As the country continues to grapple with COVID-19, a federation of teachers on Saturday urged the Department of Education (DepEd) to include pandemic education in its Basic Education - Learning Continuity Plan (BE-LCP) to help empower students in processing and responding to the changes around them.
The Alliance of Concerned Teachers (ACT) Philippines said the DepEd’s Most Essential Learning Competencies (MELCs) - which is the abridged version of the K to 12 curriculum - under the BE-LCP “lacks content” responsive to the present health and economic crises.
“Where is COVID-19 education in DepEd’s modified curriculum?” ACT Secretary General Raymond Basilio asked.
“More than ever, we need an education that is responsive to the capacities and needs of our people, thus, we demand a meaningful learning continuity program from the government,” he added.
For the upcoming school year set to start on August 24, DepEd has streamlined the K to 12 Curriculum into the MELCs wherein the total number of competencies in all learning areas from Kindergarten to Grade 12 has been streamlined to 5,689 from the original 14,171 or a reduction by 60 percent.
For Basilio, DepEd’s revised curriculum is far from being “meaningful” and responsive to the current needs of the students.

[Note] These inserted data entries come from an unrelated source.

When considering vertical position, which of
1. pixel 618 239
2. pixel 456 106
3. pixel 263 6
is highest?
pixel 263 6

"Does MELCs empower children to be active and productive members of our communities? Will it help our students process and aptly respond to events around them?” he asked.
Without these considerations, Basilio said that DepEd will “fail millions of youth—even if by some miracle it succeeds in effectively implementing distance learning—just as it had generations of learners who had been subjected to the problematic K to 12 curriculum.”
Basilio stressed education should be deeply interlinked with social realities of which students are part of.
“Education must reflect the world we live in and is a promising weapon to allow all of us to surmount these crises,” he said. “Only then will education be relevant and compliant with its mandate."
Basilio alleged the DepEd lacks understanding pushing for the immediate resumption of formal classes at this time.
“If anything, forcing ‘normalcy’ at this time will only further alienate students from their own lived experiences of extreme insecurity, which the COVID-19 predicament brought to their family’s health, economic situation, and their future,” he said.
For Basilio, DepEd’s “unresponsive and out-of-touch”approach to learning dampens the powerful role of education during emergencies.
“Much has been said about the forms of education delivery amid a raging pandemic, but an equally, if not more, important aspect also demands our attention—its content,” he said. “Education should equip the youth with knowledge and skills to better understand the world, adapt to its ever-changing landscape, and contribute to the betterment of society."